Exercise instructions: Beginning with the line that holds "Carte en couleur" in the data below, give again every line through the one that holds "Вышивка белый шиповник", exactly as written.

Data records:
▼

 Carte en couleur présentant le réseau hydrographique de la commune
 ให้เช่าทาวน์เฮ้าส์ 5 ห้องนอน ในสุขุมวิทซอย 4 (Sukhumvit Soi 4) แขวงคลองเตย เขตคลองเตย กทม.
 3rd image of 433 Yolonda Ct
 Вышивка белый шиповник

▲
▼

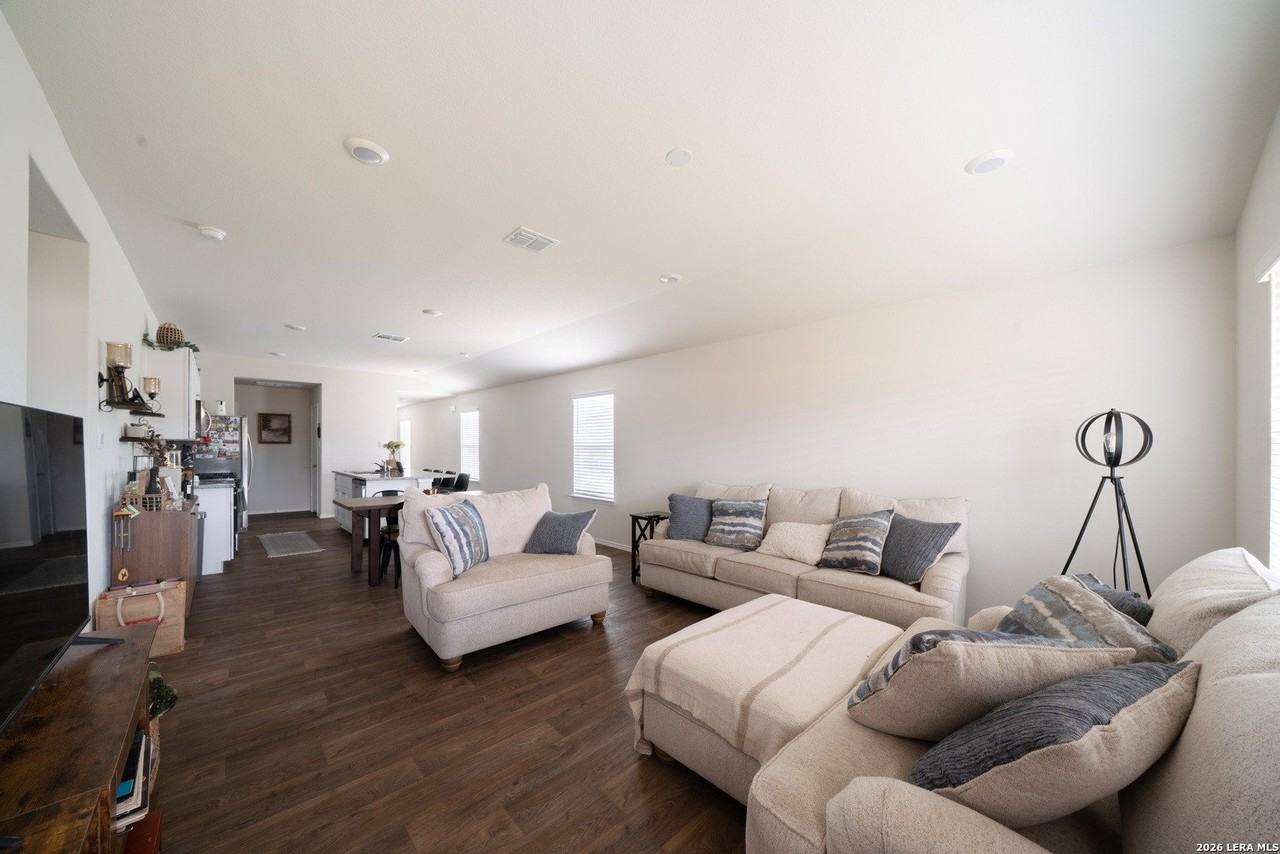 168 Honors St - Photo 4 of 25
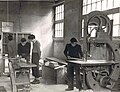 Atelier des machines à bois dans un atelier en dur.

▲
▼

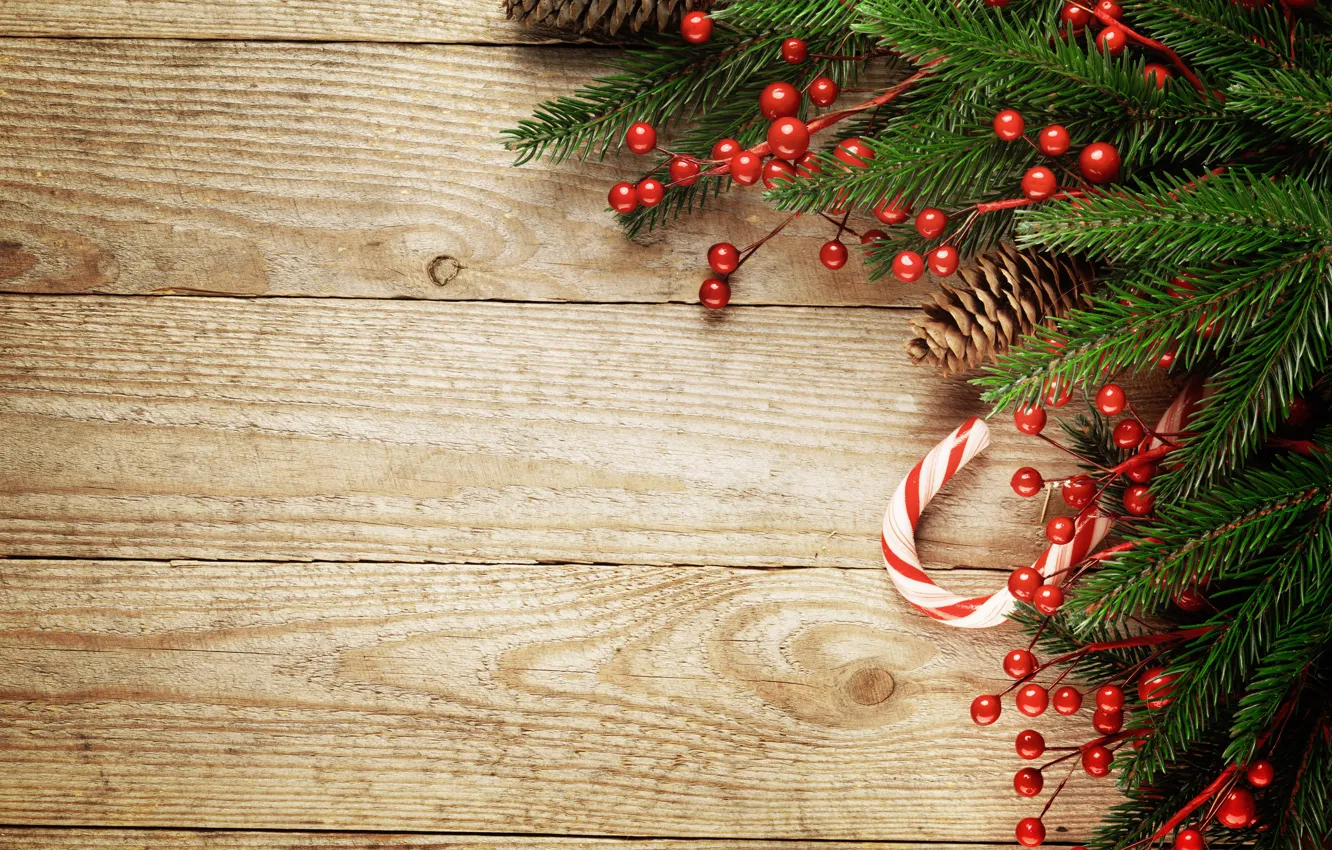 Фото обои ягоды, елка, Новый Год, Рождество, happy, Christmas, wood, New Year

▲

Answer to this problem:
 Carte en couleur présentant le réseau hydrographique de la commune
 ให้เช่าทาวน์เฮ้าส์ 5 ห้องนอน ในสุขุมวิทซอย 4 (Sukhumvit Soi 4) แขวงคลองเตย เขตคลองเตย กทม.
 3rd image of 433 Yolonda Ct
 Вышивка белый шиповник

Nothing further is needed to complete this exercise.